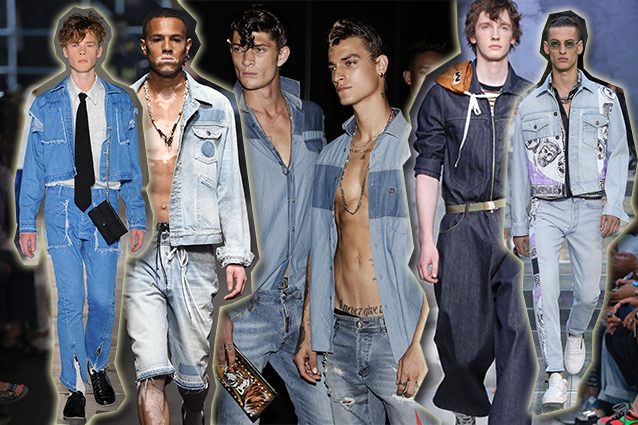 da sinistra Sulvam, Marcelo Burlon County of Milan, Philipp Plein, Marni, Versace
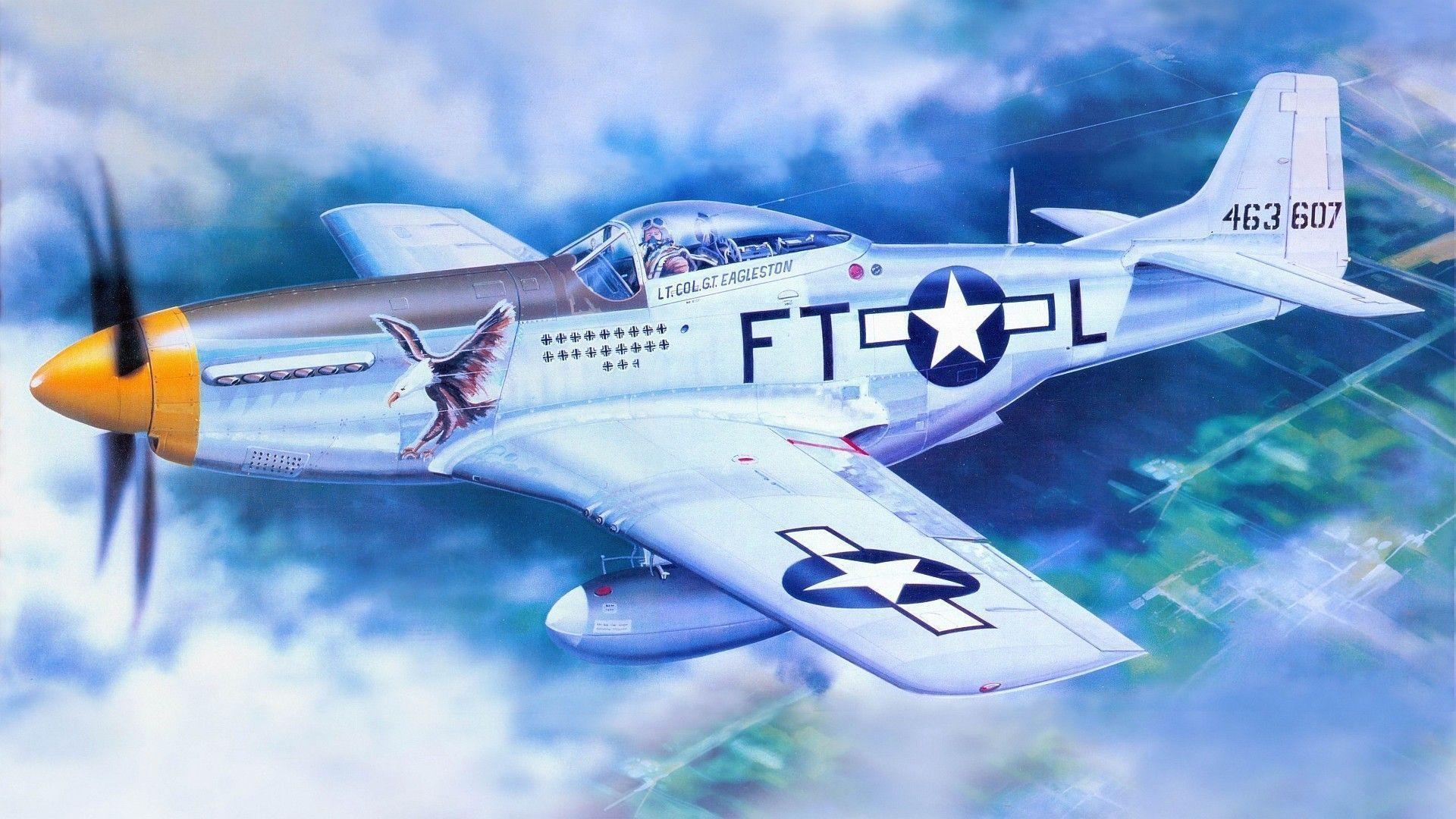 P-51 Mustang WWII V22 Mousepad Deskmat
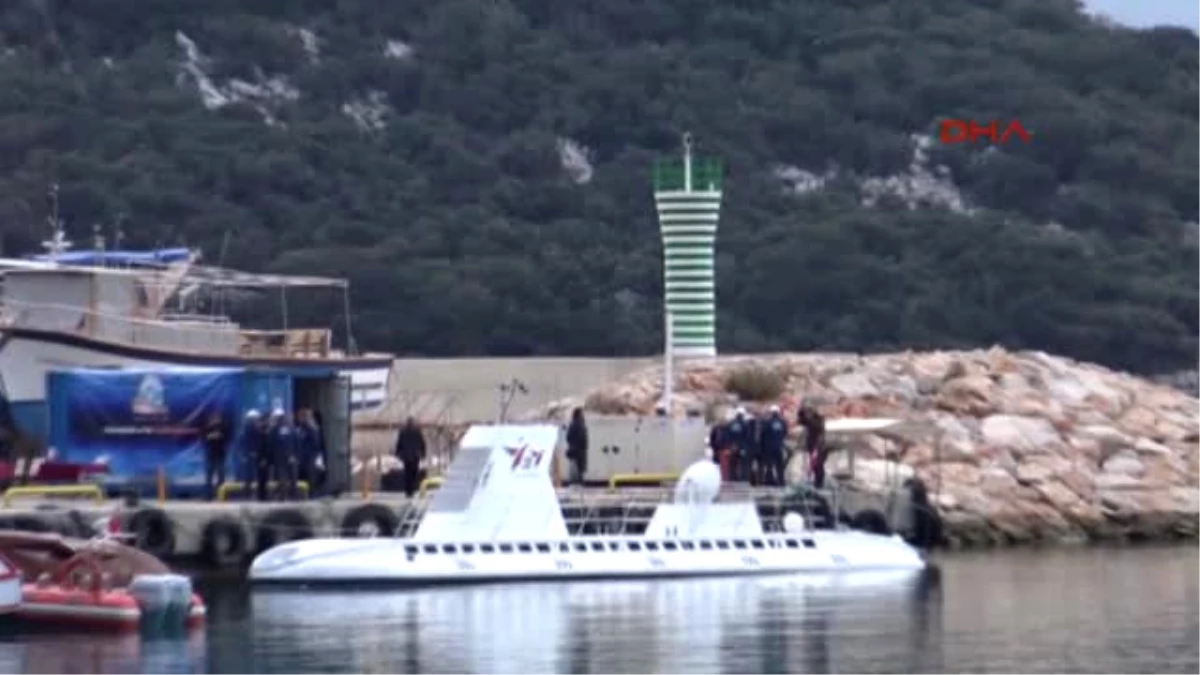 Antalya Turistik Denizaltı, Ilk Dalışını Gerçekleştirdi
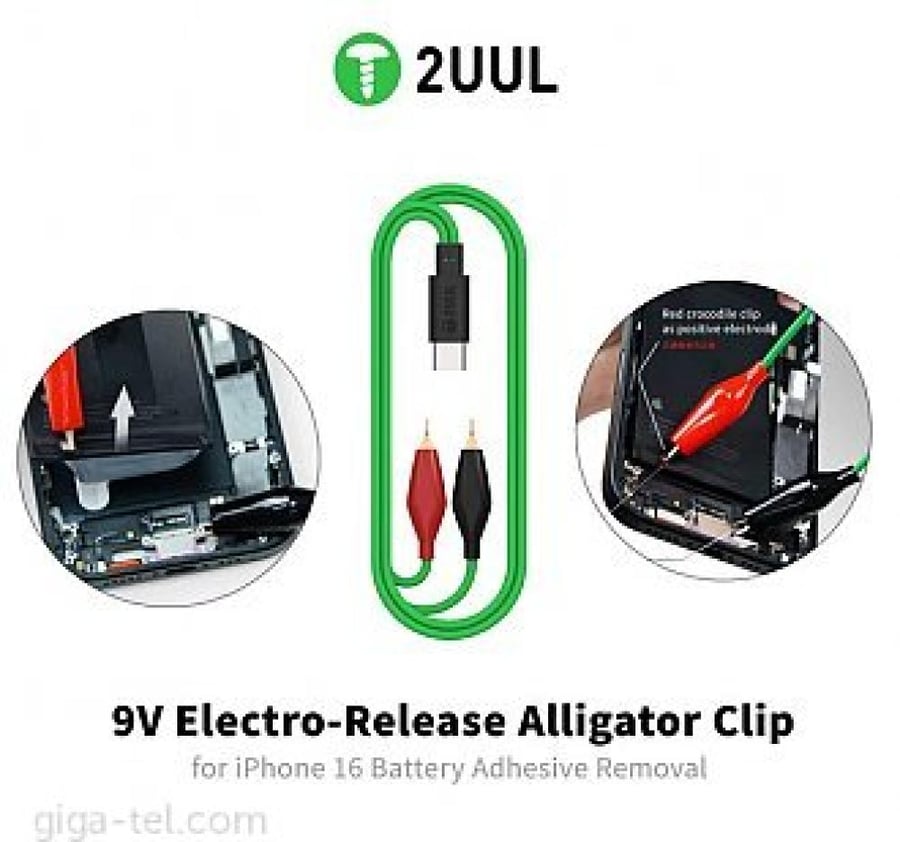 مشبك لتفكيك البطاريات 2UUL PW03 9V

What to do:
Repeat the data above exactly; images are not part of the copy.

Exercise solution:
 da sinistra Sulvam, Marcelo Burlon County of Milan, Philipp Plein, Marni, Versace
 P-51 Mustang WWII V22 Mousepad Deskmat
 Antalya Turistik Denizaltı, Ilk Dalışını Gerçekleştirdi
 مشبك لتفكيك البطاريات 2UUL PW03 9V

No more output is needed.